● **THE PROBLEM**: Look through the data below and output, unchanged, every line from the one holding "Puede incluir: Una" through the one holding "Politics Inside Out", inclusive. Skip the pictures.

[Collected data]
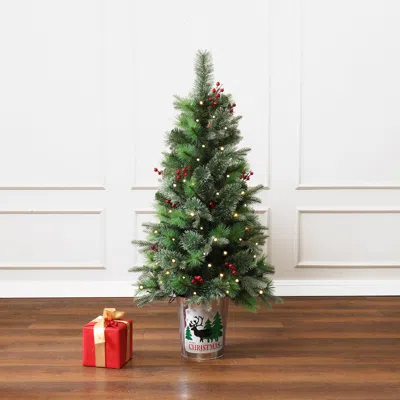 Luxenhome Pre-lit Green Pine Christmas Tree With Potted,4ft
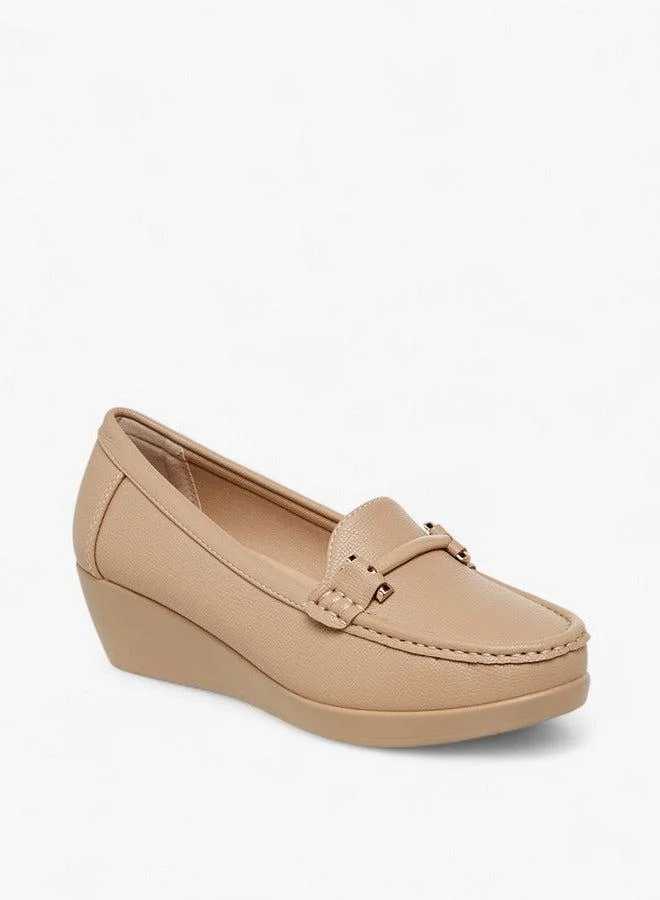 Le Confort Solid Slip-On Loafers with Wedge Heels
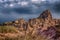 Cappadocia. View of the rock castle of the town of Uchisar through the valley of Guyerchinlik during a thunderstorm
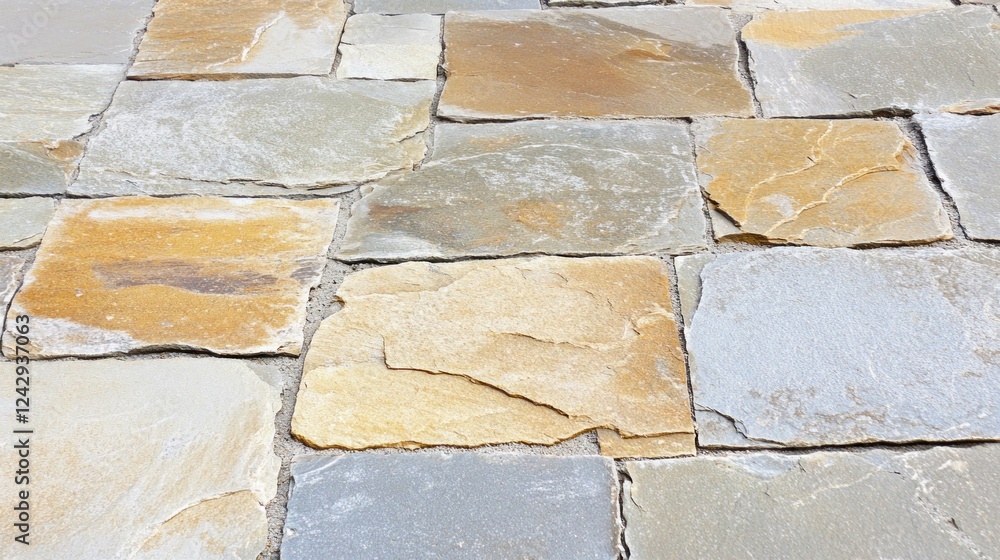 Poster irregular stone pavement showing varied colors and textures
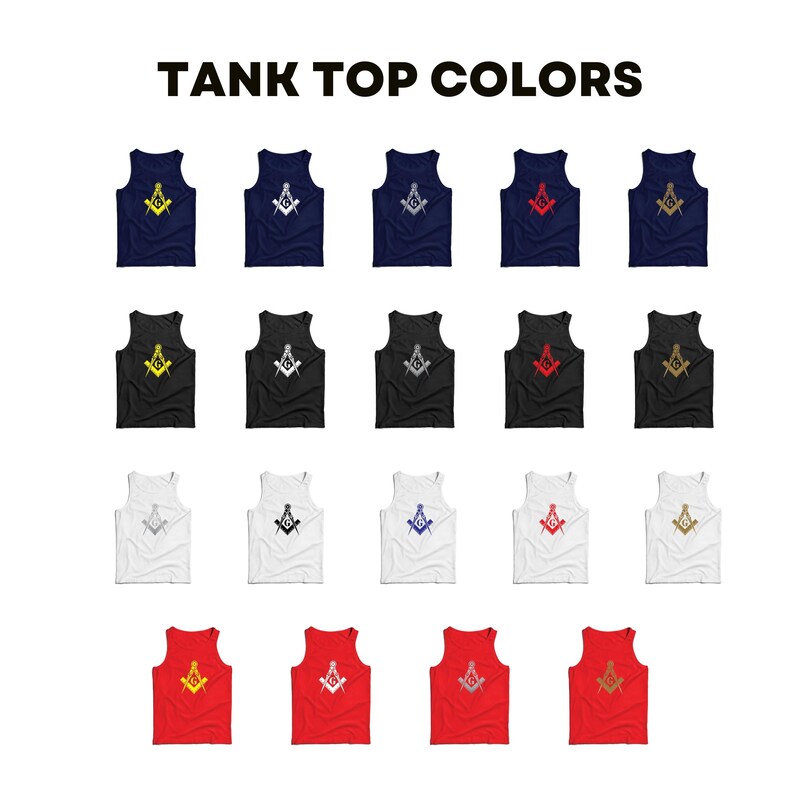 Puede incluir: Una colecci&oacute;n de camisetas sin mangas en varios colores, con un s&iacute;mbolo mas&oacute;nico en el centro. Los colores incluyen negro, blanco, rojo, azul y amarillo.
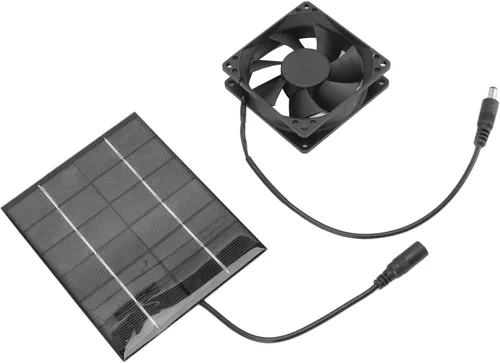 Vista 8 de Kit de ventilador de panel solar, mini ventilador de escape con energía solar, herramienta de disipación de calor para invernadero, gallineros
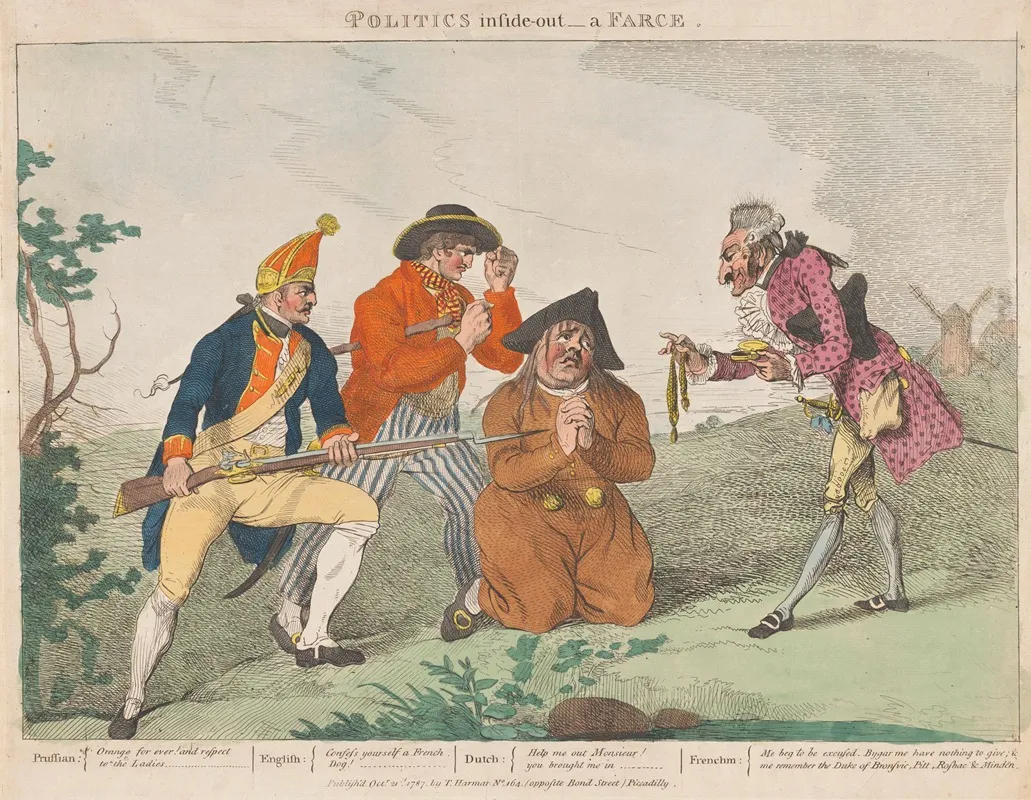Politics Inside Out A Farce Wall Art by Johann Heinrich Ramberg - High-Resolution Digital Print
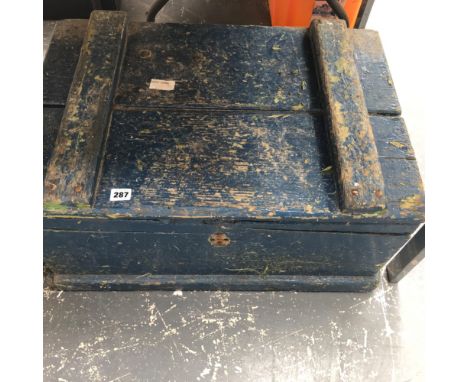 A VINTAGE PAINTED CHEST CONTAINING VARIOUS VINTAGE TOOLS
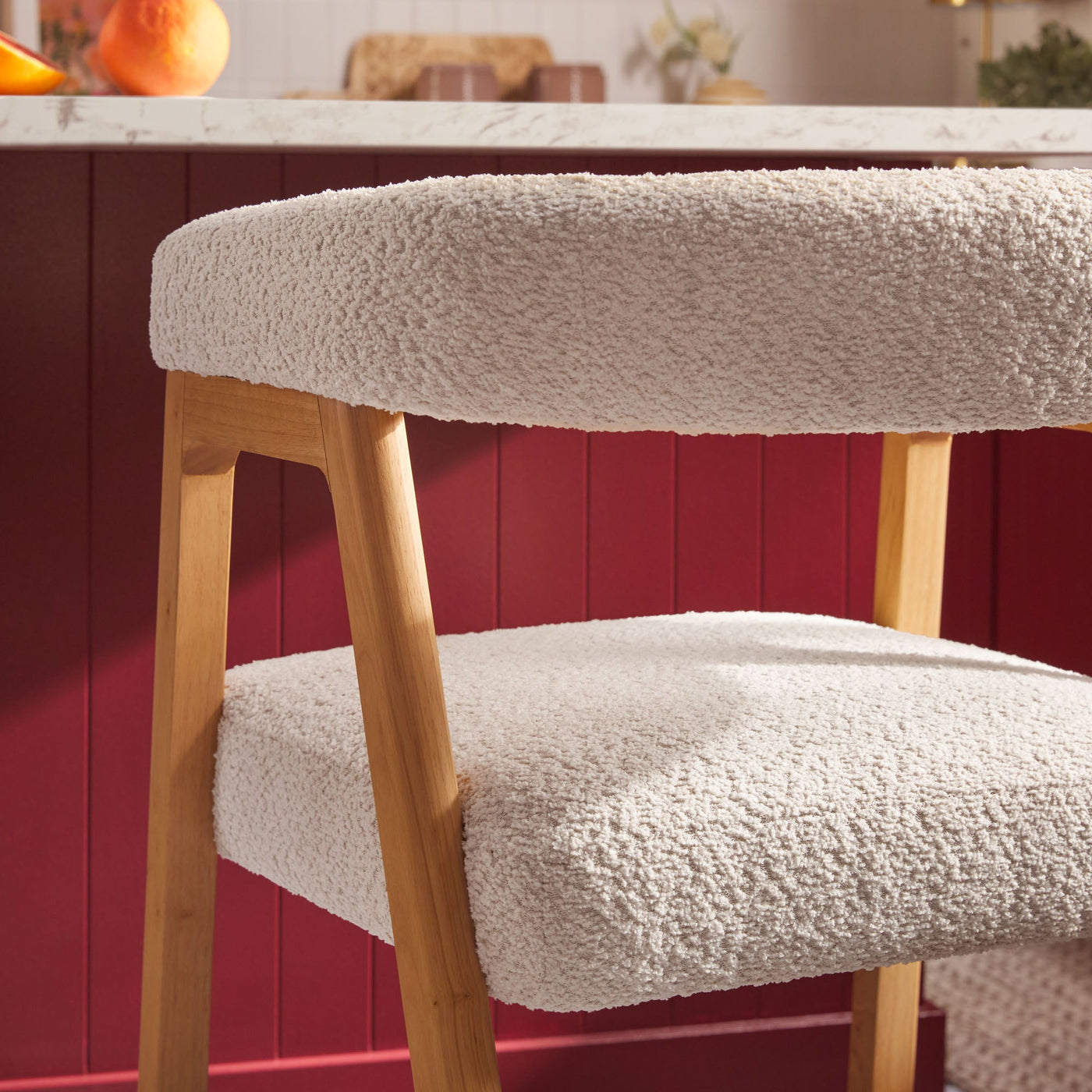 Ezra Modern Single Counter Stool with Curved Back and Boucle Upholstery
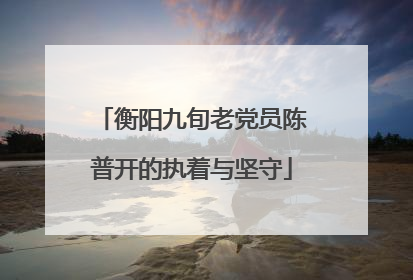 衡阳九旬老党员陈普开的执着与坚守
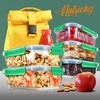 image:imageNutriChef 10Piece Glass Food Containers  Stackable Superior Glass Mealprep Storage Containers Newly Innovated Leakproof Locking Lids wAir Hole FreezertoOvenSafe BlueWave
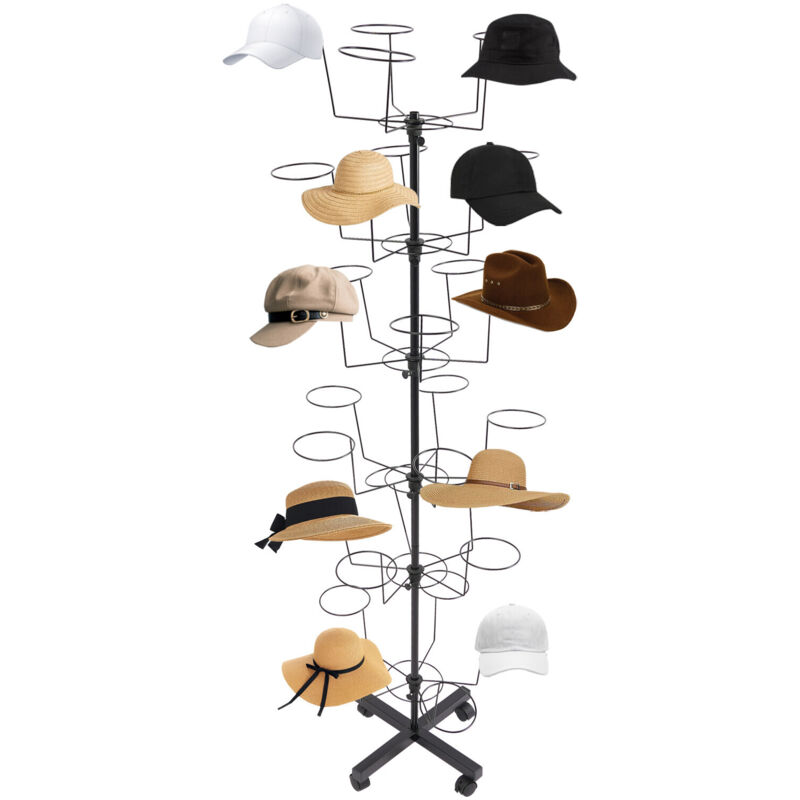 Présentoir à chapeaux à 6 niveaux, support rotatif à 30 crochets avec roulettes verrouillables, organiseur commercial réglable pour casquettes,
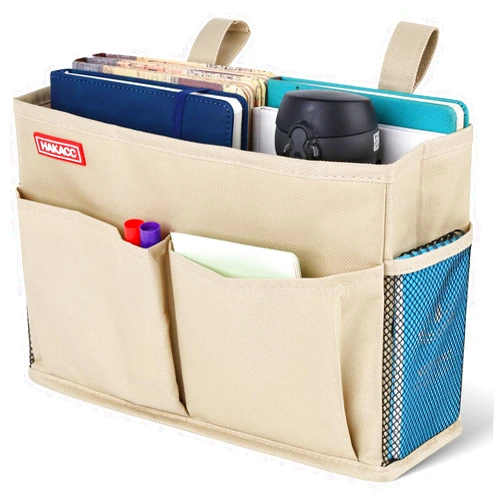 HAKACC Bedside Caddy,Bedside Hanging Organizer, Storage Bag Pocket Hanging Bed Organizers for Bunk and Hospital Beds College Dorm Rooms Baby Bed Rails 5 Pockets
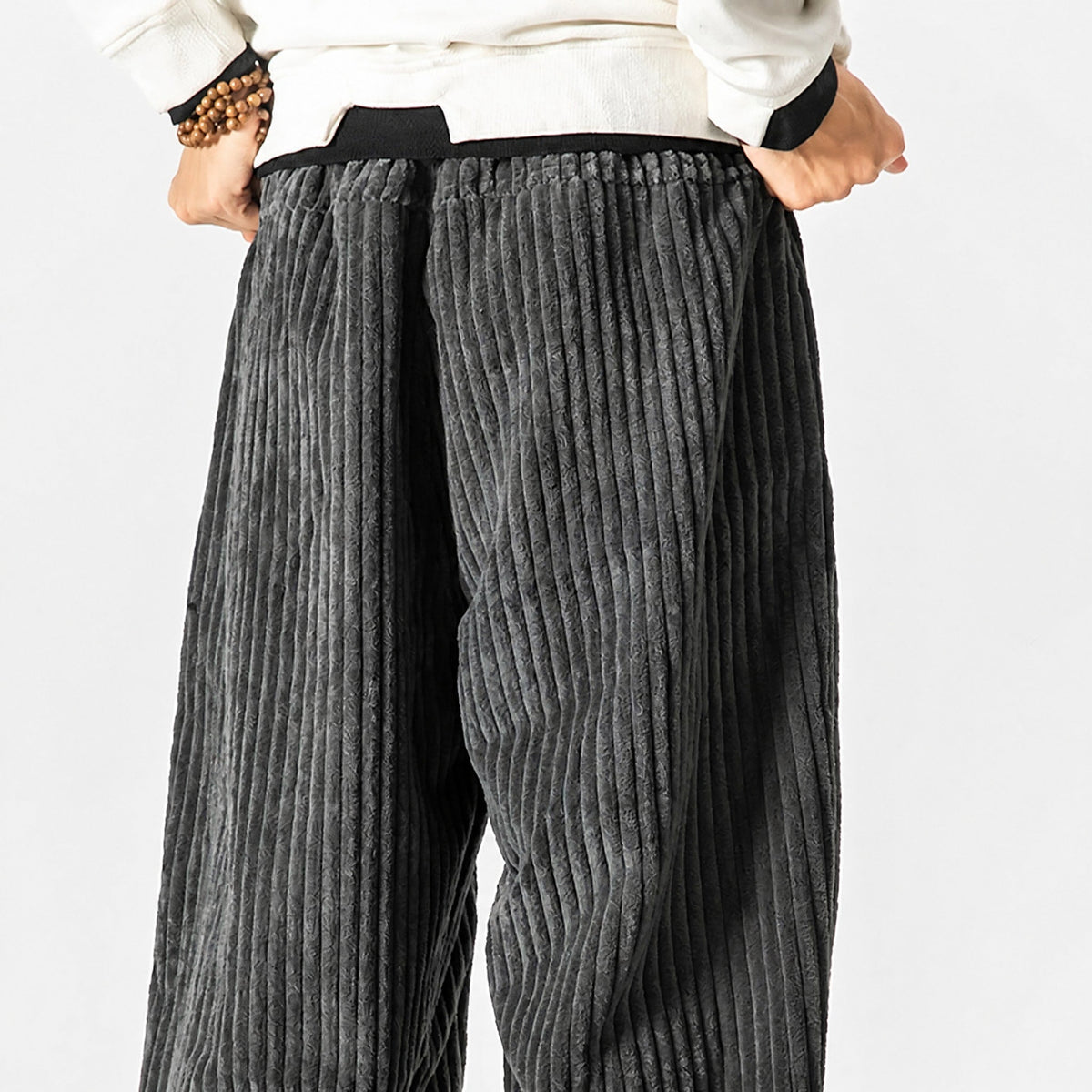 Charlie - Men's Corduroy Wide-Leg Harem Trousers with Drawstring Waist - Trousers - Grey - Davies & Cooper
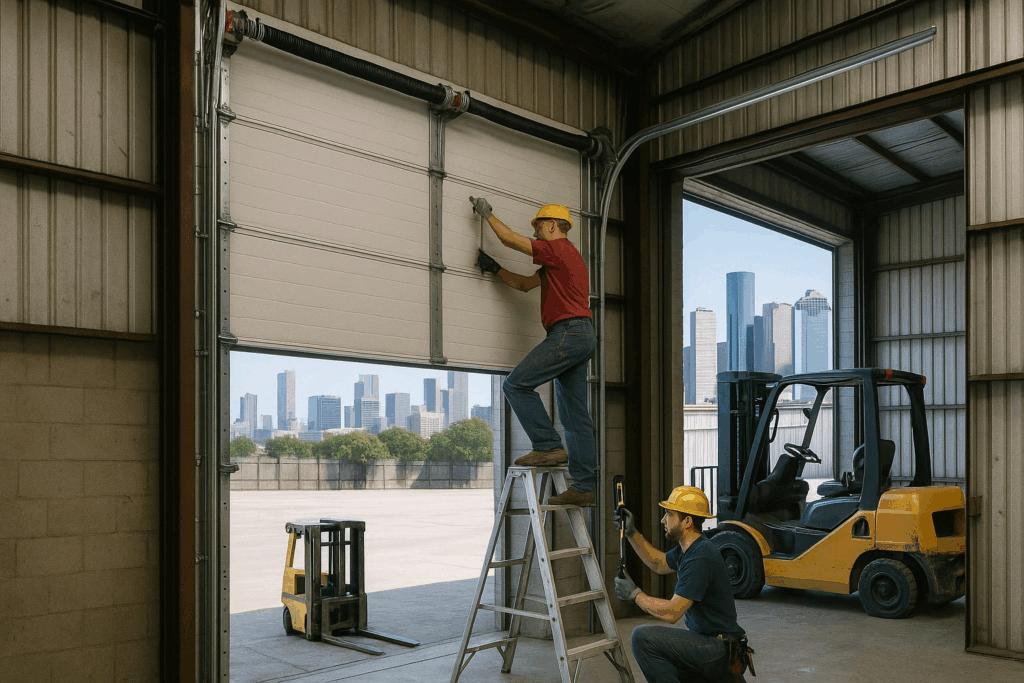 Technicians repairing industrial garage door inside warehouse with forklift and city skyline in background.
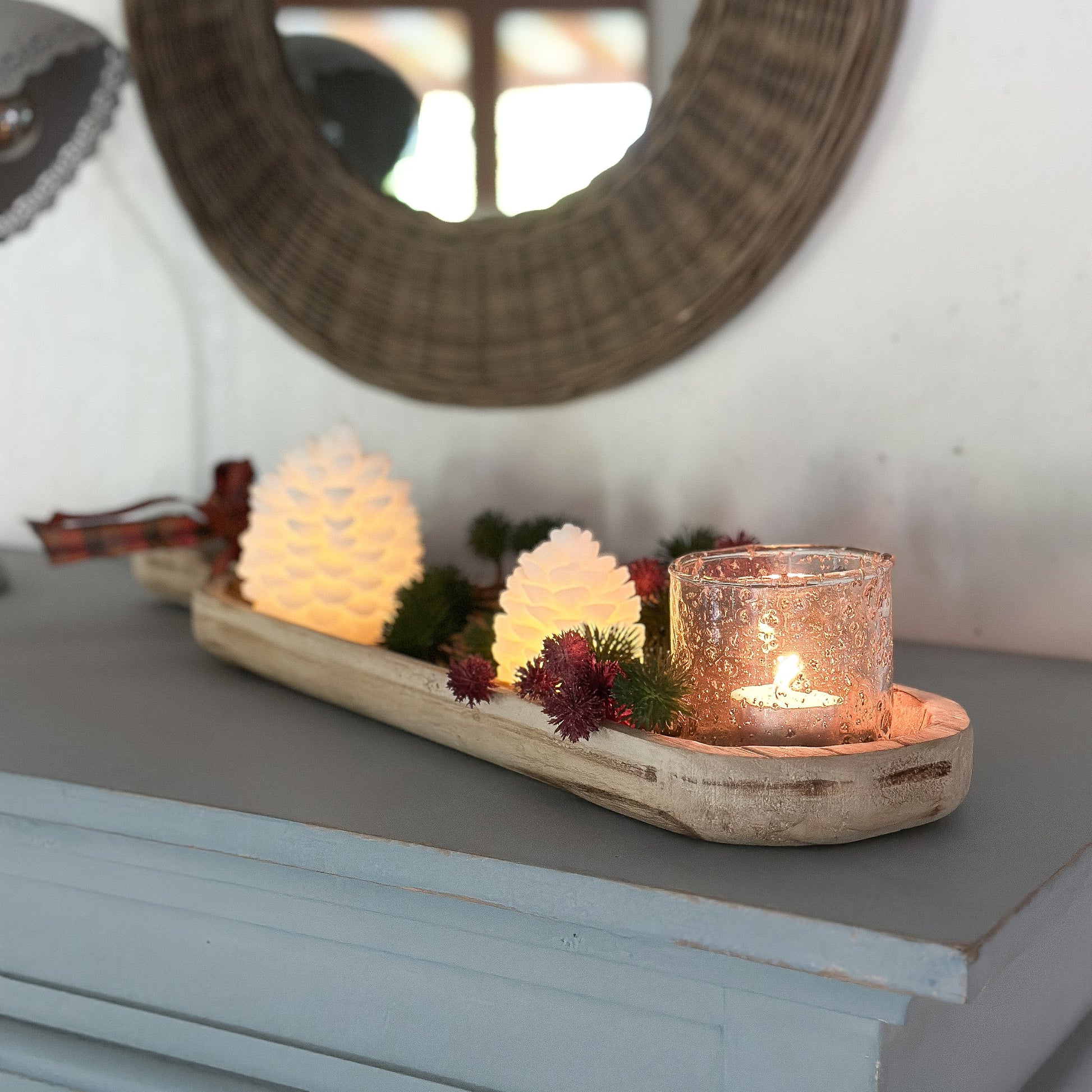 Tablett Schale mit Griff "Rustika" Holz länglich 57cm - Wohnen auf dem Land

● **RESPONSE**:
 Puede incluir: Una colecci&oacute;n de camisetas sin mangas en varios colores, con un s&iacute;mbolo mas&oacute;nico en el centro. Los colores incluyen negro, blanco, rojo, azul y amarillo.
 Vista 8 de Kit de ventilador de panel solar, mini ventilador de escape con energía solar, herramienta de disipación de calor para invernadero, gallineros
Politics Inside Out A Farce Wall Art by Johann Heinrich Ramberg - High-Resolution Digital Print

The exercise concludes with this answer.